Yaptıkları parçalar itibariyle
sevimli ve sempatik adamlar olduklarını tahmin ediyordum zaten, o gün şans
eseri öğrendiğime göre aslında bu onları ilk görüşüm de değilmiş aslında zira
grup Multitap olmadan önce Bedük’le çalışıyormuş ve ben de onları 2007’de Rock
N’Coke’da izlemişim. Laf olsun diye söylemiyorum, o zaman da -özellikle
vokalleri Selim Siyami Sümer’in- pozitif enerjisini fark etmiştim. O zaman da
Bedük bir yana, grup çok eğleniyordu ki bu seyirciyi eğlendirmenin ilk
kuralıdır zaten. İki albümlü grup olmak bir şey değiştirmemiş gibi. Hala aynı
samimiyet mevcut Multitap bünyesinde. Canlı izleme fırsatı bulduğum pek çok
gruptaki ‘havalı’lık bu adamlara pek bulaşmamış, onlar hala bizden biri.

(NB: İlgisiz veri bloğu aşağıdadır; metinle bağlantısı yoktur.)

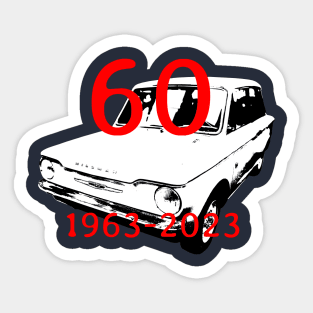 Hillman Imp classic car front quarter monoblock 60th anniversary special edition Sticker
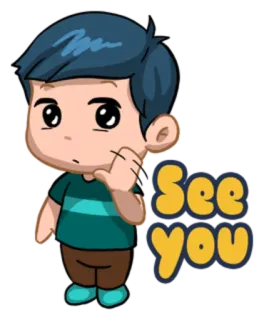 😚 6681d3bc See you 卡通, 告别, 再见, 回头见, 男孩, 挥手 telegram sticker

Arkadaşlarına çalan bar grubu gibiler, bulundukları konumu sindirebildikleri
kanaatindeyim. Yakınlıklarını o kadar hissettiriyorlar ki konseri takiben
kulise gidip yanlarına otursanız kim olduğunuzu sormayacaklar, muhabbete sizi
de hemen katacaklar sanki. Gitse miydim acaba? Bir dahaki sefere gideyim en
iyisi...
Not: Grup, ismi itibariyle Google’da
sizi oyun konsollarına filan götürebilir o nedenle konser tarihlerini, röportajlarını, fotoğraflarını, haberlerini takip etmek için buradan buyrun https://twitter.com/#!/MultitapMusic
Bir dahaki konsere kadar,
Zeynep T.
Not: Bu yazının yayınlanmasını takiben grubun solisti Selim Siyami Sümer'le az da olsa iletişme şansım oldu. Gruba halihazırda duyduğum sempatiyi arttırmayı başardılar o günden bugüne. Kendisiyle paylaşıp da yazıya sığdıramadığım fotoğraflara buradan ulaşılabilir. Bir dahaki konserde de kulise hunharca dalma hakkını kazandım galiba.